In 1954, almost 75 percent of reported poliomyelitis cases occurred in people under twenty years of age, and 50 percent in children under ten. The trial’s study population, then, targeted some 1.8 million children in the first three grades of elementary school at 215 test sites. In the double-blind experiment, 650,000 children received vaccine, 750,000 received a placebo (a solution made to look like vaccine, but containing no virus), and 430,000 served as controls and had neither. All were “Polio Pioneers.”
The study called for all children receiving vaccine or placebo to have three intramuscular injections over a five-week period. About 2 percent of the children also gave blood samples to verify their immune response.
Data from all 1,829,916 clinical trial participants were entered on IBM punch cards and tabulated. The study evaluated every scrap of evidence, from the registration methods of the participants to laboratory procedures to statistical analysis.
“The news that began to pour out over the radio in the gym on April 12, 1955, the tenth anniversary of Roosevelt’s death, was news only in detail. That the field trials of the Salk vaccine would prove in some measure successful had been anticipated. Indeed, the assistant to the director at the previous hospital had remarked to me in November, ‘Too bad you didn’t wait a year. The vaccine sure looks good.’”Edward LeComte, 1957
Three private organizations figured prominently in the history of poliomyelitis in the United States and worldwide: the Rockefeller Institute, the National Foundation for Infantile Paralysis (March of Dimes), and Rotary International.
Industrialist John D. Rockefeller founded the Rockefeller Institute for Medical Research in New York in 1901. Karl Landsteiner, who identified polio as a virus in 1908, joined the institute’s faculty in 1922, and studied human blood groups (for which he won a Nobel Prize in 1930).
Much of modern virology derives from the work of Rockefeller Institute investigators, including Simon Flexner, Thomas Rivers, and Peter Olitsky.
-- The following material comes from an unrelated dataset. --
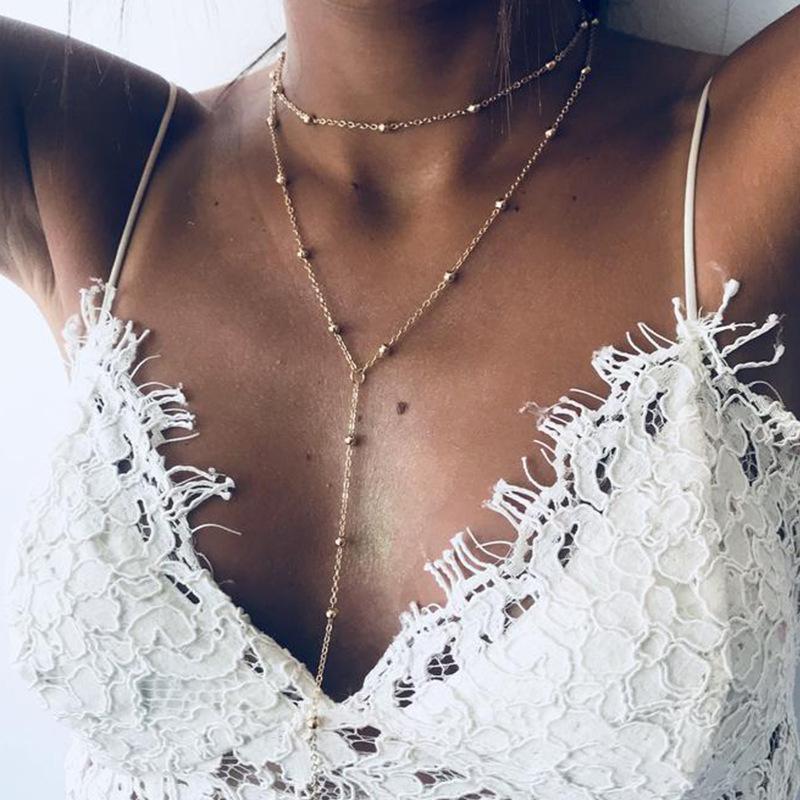 Set jewelry, personalized big-name design exaggerated round bead chain necklace choker women's suit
Albert Sabin, arrived in 1935 and joined them in poliomyelitis research. The institute became “Rockefeller University” in 1965 and continues to be a leading research center for the molecular biology of human diseases.
The March of Dimes
President Franklin Roosevelt established the National Foundation for Infantile Paralysis in 1938. Its hugely successful fund-raising campaigns collected enough money to fund John Enders’s laboratory, where poliovirus was first grown in nonneural tissue; both Jonas Salk’s and Albert Sabin’s vaccine development; the 1954–55 field trial of Salk vaccine; and the supply of free vaccine to thousands of children afterward.
In 1958, the foundation changed its focus to premature birth and the prevention of birth defects. In 1979, the organization officially changed its name to the March of Dimes. Its work continues today, under the slogan “Saving babies, together.”
Chicago lawyer Paul Harris called together a group of civic-minded professionals in February 1905 to found the first “Rotary” Club—taking its name from rotating meetings in members’ homes and offices. By 1922, Rotary Clubs existed around the world, prompting the name change to Rotary International.
Rotarians were well-represented at the United Nations Charter Conference and have maintained their UN ties ever since. In 1985, Rotary International committed itself to immunizing all children against poliomyelitis. This organization, with 1.2 million members in 166 countries, has been the largest private-sector contributor to the polio eradication campaign worldwide.